- _Given material_:
━━━━━━━━━━━━━━━━━━━━

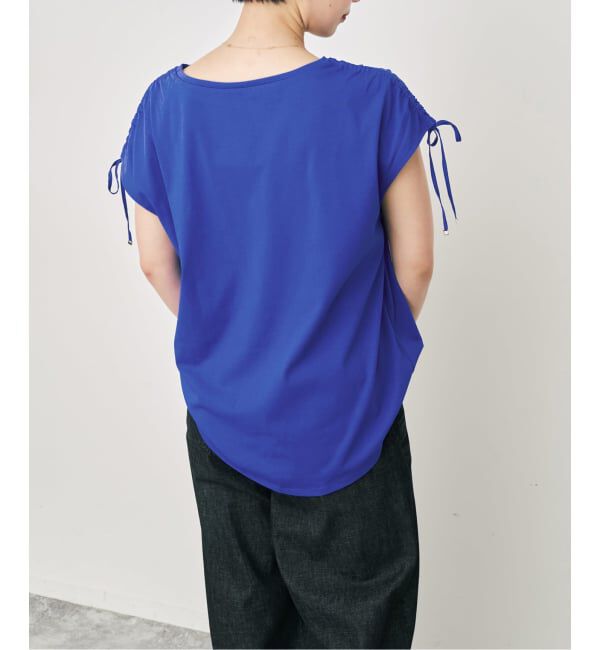 Spick and Span「≪UVカット / 接触冷感≫ UV/Cooltouch ショルダーギャザーT」|Tシャツ・カットソー|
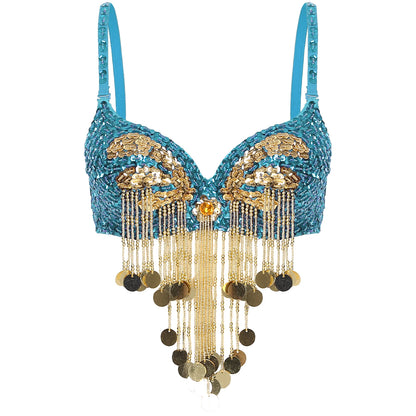 Belly Dance Bra with Beaded Tassels & Sequins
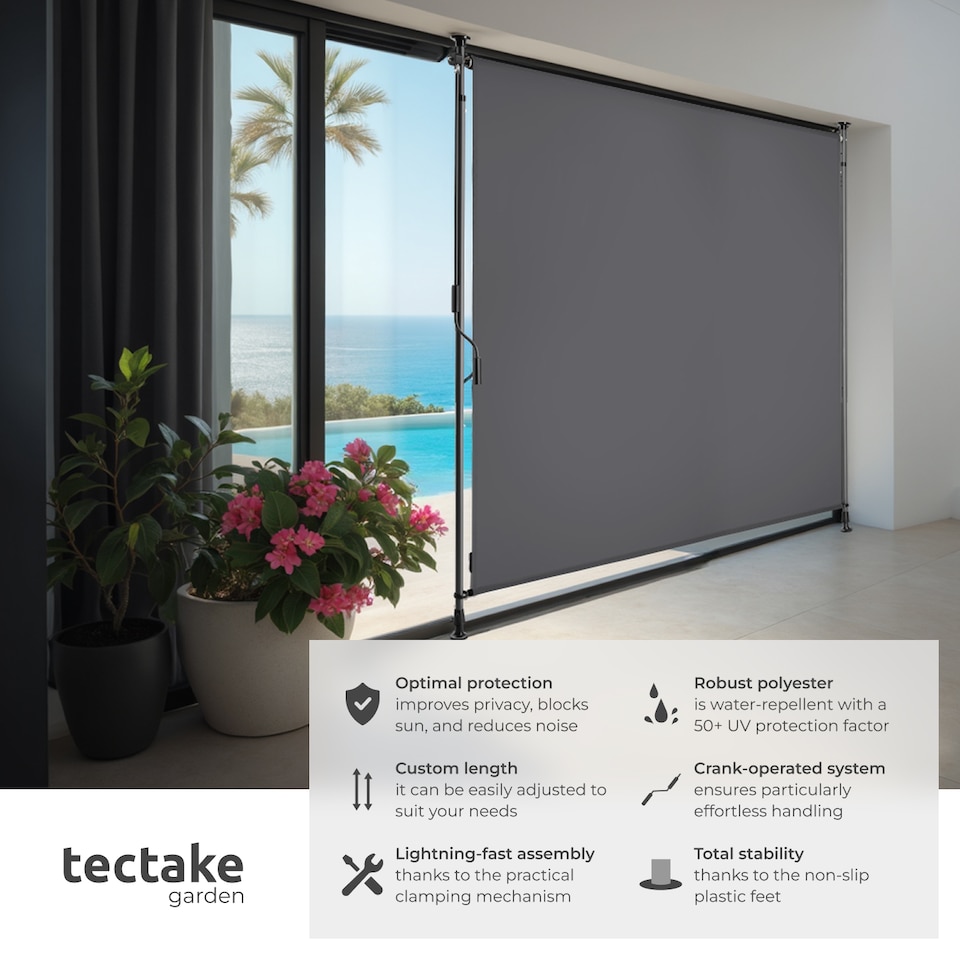 image 1 of Retractable Awning Taija - tooless installation, with hand crank, retractable and UV blocking | Grey | dark grey | 150 x 310 cm | 1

━━━━━━━━━━━━━━━━━━━━

- _Work instructions_:
Your copy should start at the line with "Belly Dance Bra", stop at the last line of the listing above, match exactly, and contain no pictures.

- _Answer for the task_:
 Belly Dance Bra with Beaded Tassels & Sequins
 image 1 of Retractable Awning Taija - tooless installation, with hand crank, retractable and UV blocking | Grey | dark grey | 150 x 310 cm | 1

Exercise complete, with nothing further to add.